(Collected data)
———
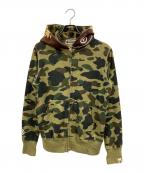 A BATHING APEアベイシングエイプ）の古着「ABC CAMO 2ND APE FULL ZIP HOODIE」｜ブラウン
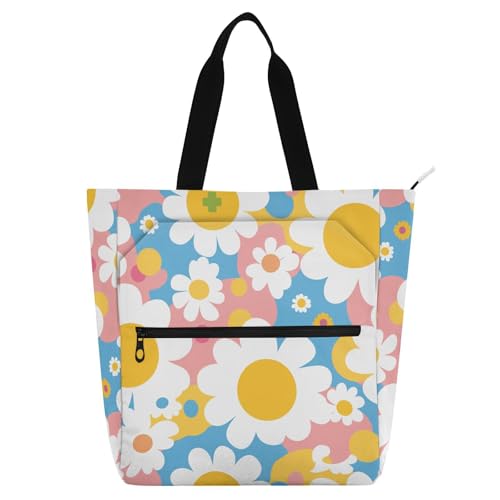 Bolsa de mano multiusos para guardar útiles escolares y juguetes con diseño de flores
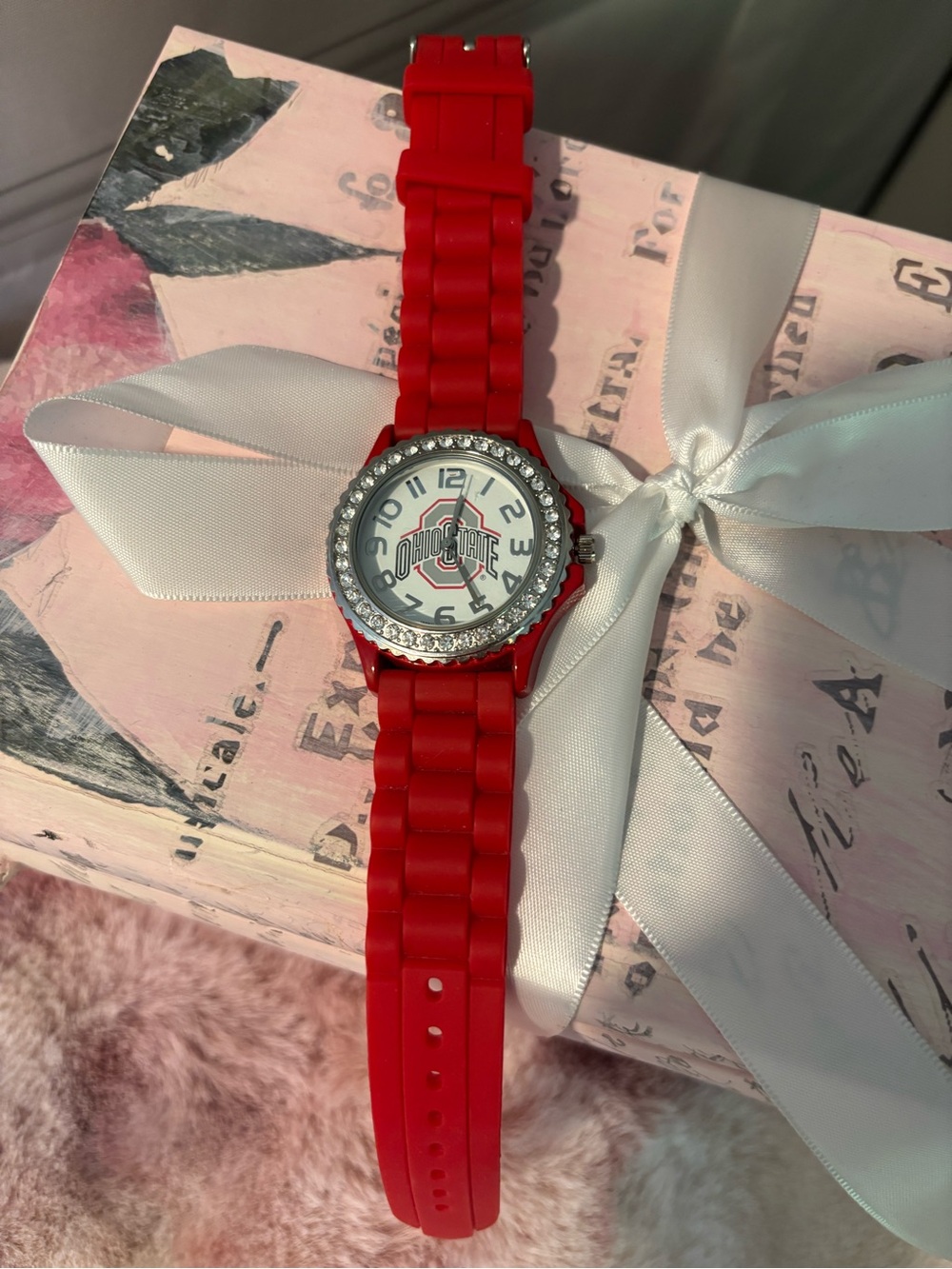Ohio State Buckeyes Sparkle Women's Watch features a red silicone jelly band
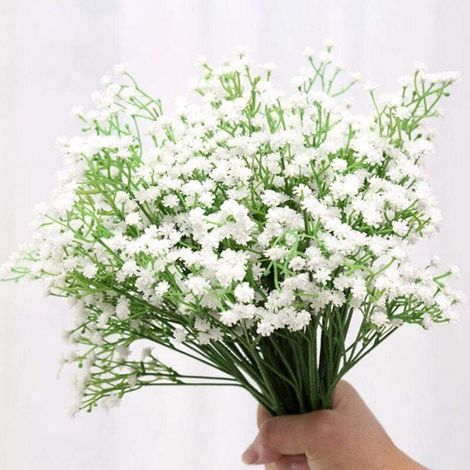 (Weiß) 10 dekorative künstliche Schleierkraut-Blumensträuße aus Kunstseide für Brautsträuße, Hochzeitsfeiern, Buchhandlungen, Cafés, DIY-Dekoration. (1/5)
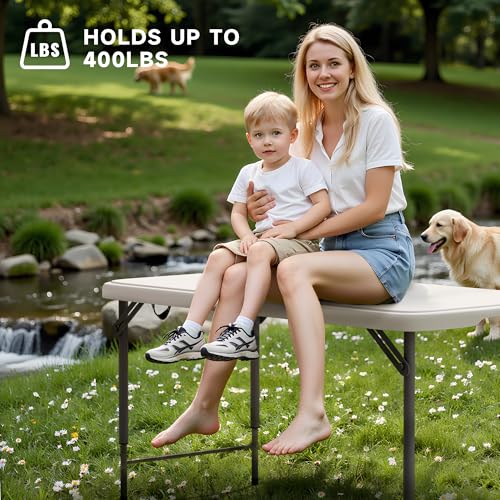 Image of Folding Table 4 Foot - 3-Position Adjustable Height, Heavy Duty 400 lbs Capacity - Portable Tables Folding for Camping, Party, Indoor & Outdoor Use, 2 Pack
———
● **What is expected**:
Take the lines from the first line of the entries through the line with "(Weiß) 10 dekorative", inclusive, and give them again exactly, minus any pictures.

● **Answer section**:
 A BATHING APEアベイシングエイプ）の古着「ABC CAMO 2ND APE FULL ZIP HOODIE」｜ブラウン
 Bolsa de mano multiusos para guardar útiles escolares y juguetes con diseño de flores
Ohio State Buckeyes Sparkle Women's Watch features a red silicone jelly band
 (Weiß) 10 dekorative künstliche Schleierkraut-Blumensträuße aus Kunstseide für Brautsträuße, Hochzeitsfeiern, Buchhandlungen, Cafés, DIY-Dekoration. (1/5)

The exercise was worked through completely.